The past week has seen the conclusion of two popular (probably influential, arguably seminal) TV series, the BBC’s Life on Mars/ Ashes to Ashes and ABC’s Lost.
Both series dealt with strikingly similar themes (I’ll put them under the broad heading of “letting go”) and both have, in their respective runs, exhibited many of the strengths and weakness of the TV cultures in which they were created. For me, the end of Ashes to Ashes was, mostly, a model of taut economy in the handling of emotion, while Lost slightly slapped the emotion on with a trowel, but both were satisfying conclusions to their shows – well, for all but a certain type of fan.
A trundle around fans sites shows this type of fan: the type who think they own the show. Beware, sweeping generalisations to follow: This group is made up largely of those who want the mysteries solved, who want to know, for example, where Lost Island’s light came from, exactly who Nelson is at The Railway Inn and so on. People who declared that the writers “failed” in not explaining everything. In short, the people who know slightly less than jack shit about the nature and purpose of storytelling.
In even shorter: the wailing fanboys.
Sorry, is that a bit blunt? If you are going to be so damned obsessed with puzzle solving that you miss, say, the skill with which the full emotional implications of Kate’s “I’ve missed you so much” was delayed until the final reveal, then bluntness is what you deserve. Pay attention in future. And if you are going to ignore minutes on end of screen time because it doesn’t fit your “failure” narrative, it is no-one’s fault but your own if you get mocked (OK, I admit it – browsing fan forums is a guilty pleasure).
It’s not that there aren’t top quality ‘formula’ shows – US television excels at them, from police procedurals, to teen angsts dramas, to sitcoms. But such shows rarely indicate a sense of direction, driven more by the need to come up with something “new” rather than work to a conclusion. Stories like Lost and Ashes to Ashes are not that type of story (it is telling that Lost only really gained narrative focus and shook off the vague “shaggy dog story” feel after it was given a clear end date – funny that).
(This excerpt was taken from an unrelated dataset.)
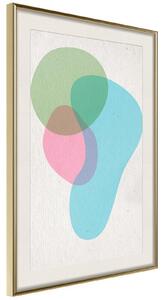 Inramad Poster / Tavla - Pastel Sets III - 40x60 Guldram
So don’t presume that you own the story: If it is bad writing that is one thing, but if it doesn’t fit the formula, that is because it is not a formula story and if you thought it was then you weren’t paying attention. If the story turns out not to be the one you thought it was, then don’t tell the writers they let you down and are idiots. Not until you have given it a crack yourself, and found out if anybody gives a damn how the MacGuffin Machine works.
Because it is bad enough that writers of real talent have to struggle in an expensive and risky medium, in the face of cautious outlets; it is much worse when they have to do it to a wailing chorus making noise in gross disproportion to its insight.